As a child, I would crouch beneath the kitchen counter and watch my father make meatballs with the solemn concentration of a sculptor. His hands moved with a kind of deliberate chaos—methodical in his madness—rolling the seasoned meat with quiet reverence. He rarely spoke of his mother, but when he did, his voice would falter and his eyes would glisten. Even seventy years on, his heart remained broken.
I came to understand that grief had calcified into silence. The only way he could speak of her was through the food she used to make, the rituals she left behind—recipes formed on West Street, between Avenue X and Avenue Y, in the immigrant crucible of Coney Island.
This is where my story begins.
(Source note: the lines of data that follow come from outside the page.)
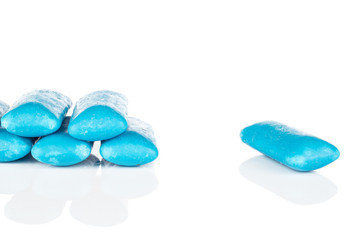 Group of six whole blue chewing gum isolated on white background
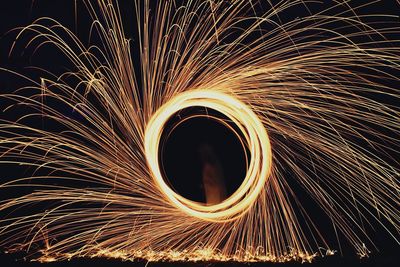 Person spinning wire wool at night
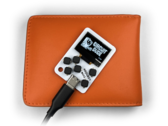 The Arduboy Mini will fit comfortably inside a wallet. (Image source: Kevin Bates)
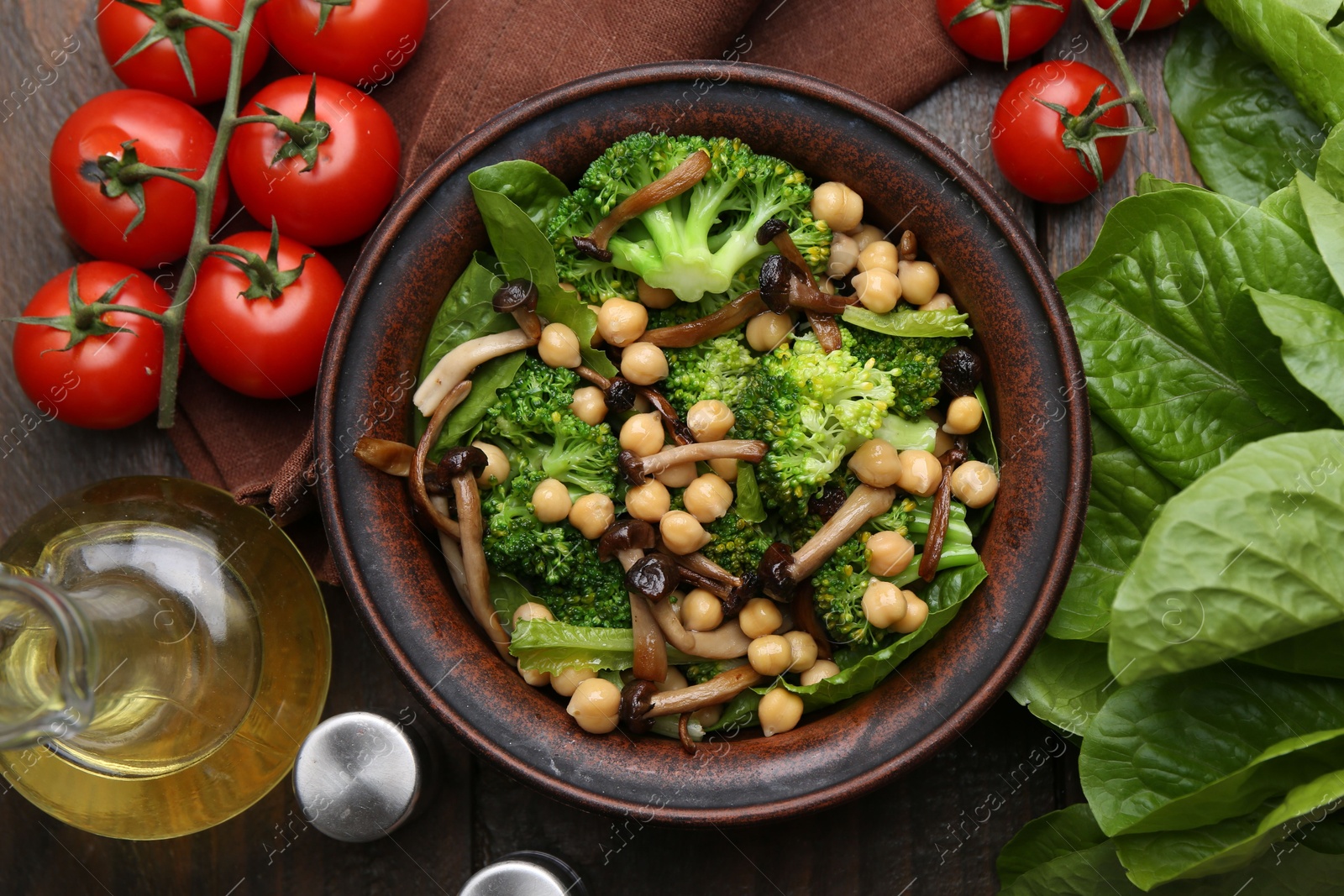 Photo of Delicious salad with shimeji mushrooms, chickpeas and broccoli served on wooden table, flat lay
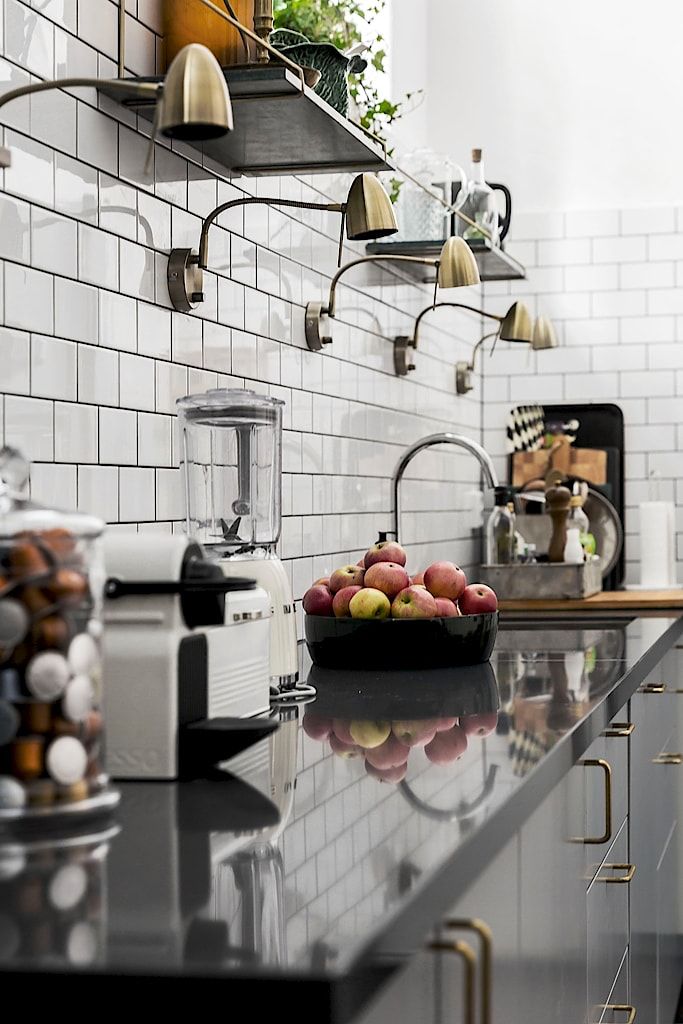A modern kitchen featuring a white subway tile backsplash, sleek dark gray countertops reflecting the light, and several arched brass wall sconces providing task lighting above. A bowl of apples and a coffee machine sit on the counter.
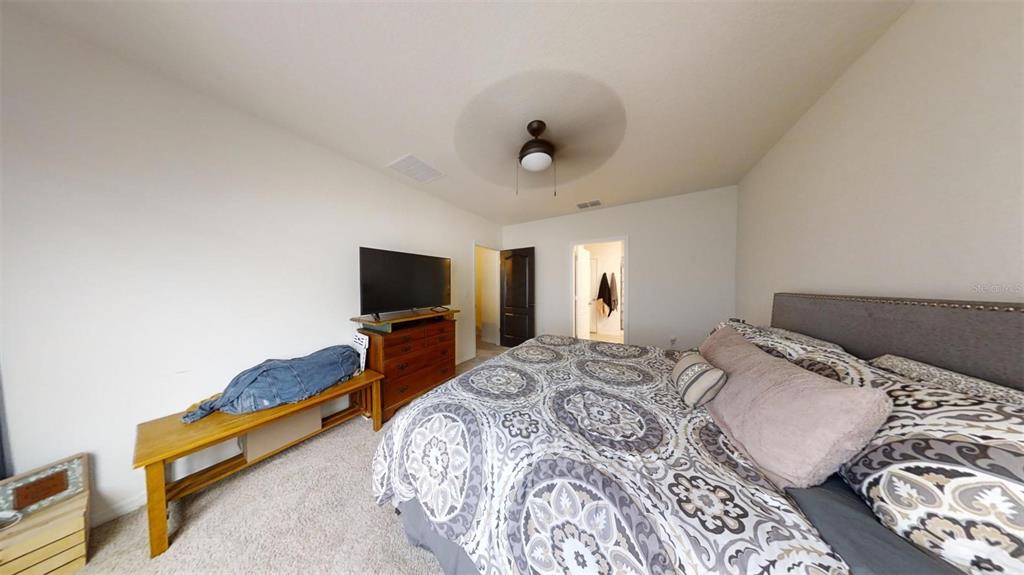 1818 Myrtlebrooke Drive Edgewater, FL 32141 - Photo 19 of 23 a bedroom with a bed and a flat screen tv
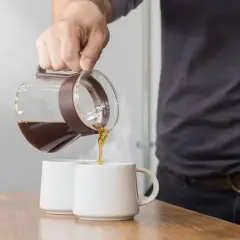 Un uomo versa caffè americano con latte in due tazze bianche su un tavolo di legno.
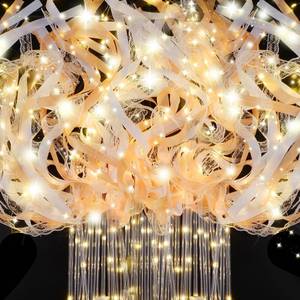 lot 144 image: HONLYNE 58 PCS Wedding Wands with Lights,Fairy Wands, LED Silk Fairy Wand with Bells for Wedding Send Off, New Year, Raves, Concert, Birthday - Retail $36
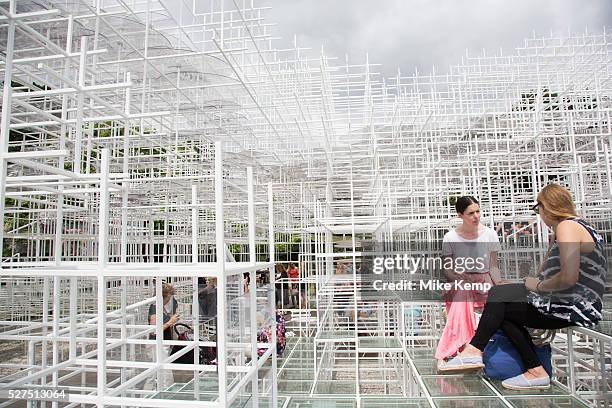 People enjoying climbing up the Serpentine Pavilion 2013 by Japanese architect, Sou Fujimoto. London, England, UK. He is the thirteenth and, at 41,...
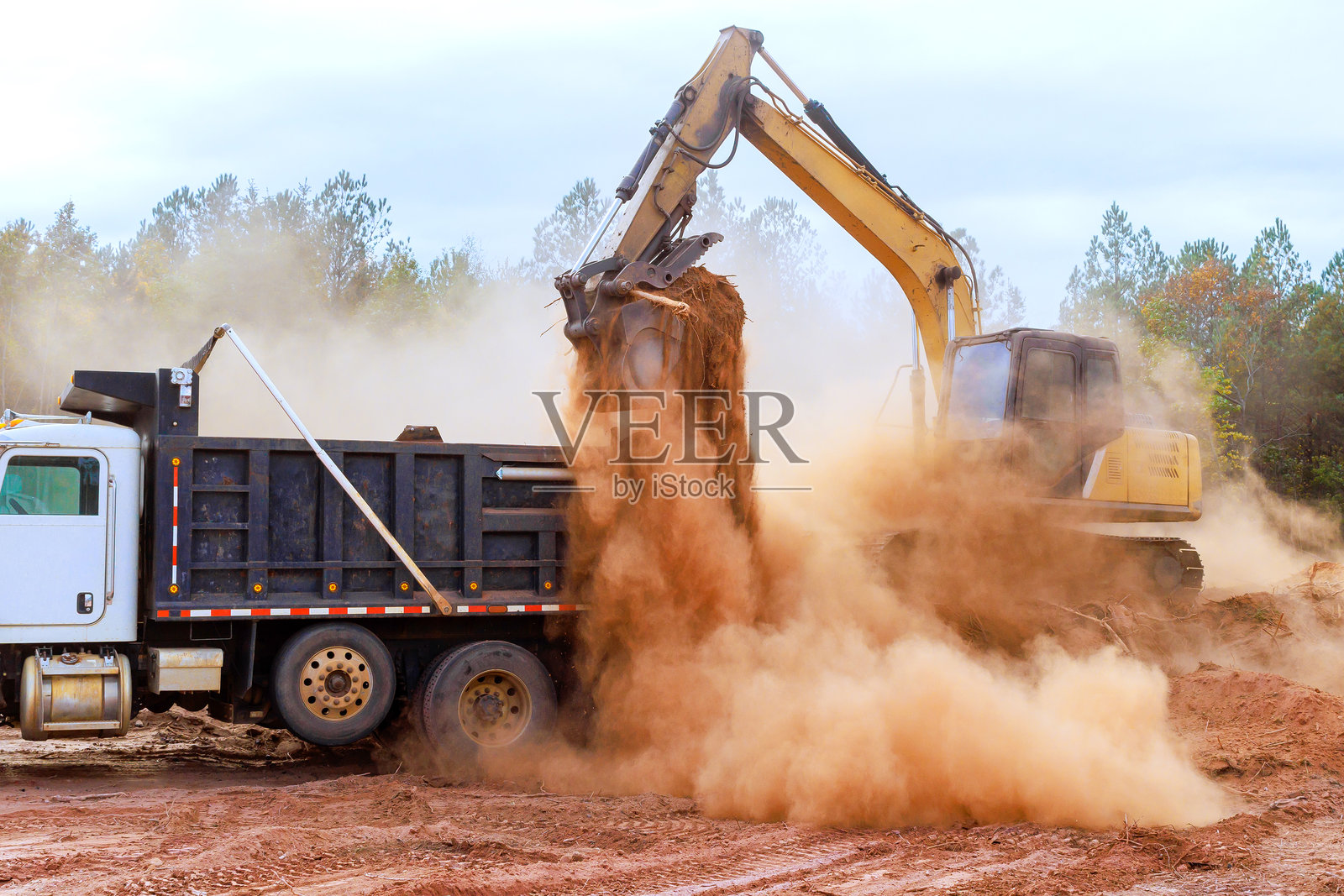挖掘机在建筑工地上将土壤装入自卸卡车。照片摄影图片
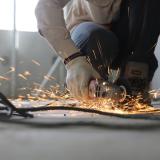 construction worker using a saw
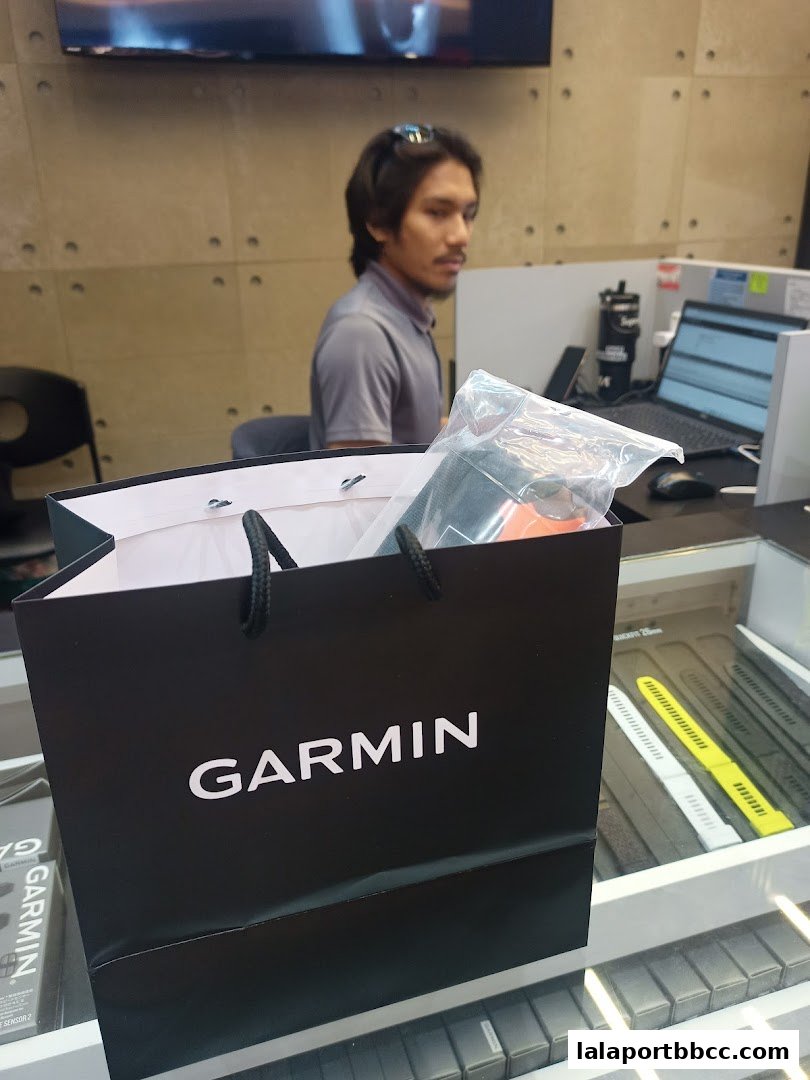 A black Garmin shopping bag with a purchase inside, in front of a store counter.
But truly, it begins with her.
Anna Russo Giordano: The Woman Behind the Name
My grandmother, Nonna, was a woman unlike any other. Born in the early 1900s in South Brooklyn, at a time when the streets were hostile to outsiders and the American Dream was little more than survival.
At sixteen, she entered an arranged marriage with my grandfather, a man six years her senior. It was the only way—it always was.
But Anna was never just a wife or mother. She was a polyglot, a scholar of Latin, fluent in Yiddish, Italian, and the dialects of the Neapolitan south. She was also a corriere - a runner. During Prohibition, she distributed contraband grain alcohol throughout the borough - not as rebellion, but as survival. She had five children to feed. She did what had to be done, as so many Neapolitan women did: with grit, sharpness, and zero tolerance for weakness
She was, in every sense, the center of her family’s universe. And more often than not, she was their sole provider.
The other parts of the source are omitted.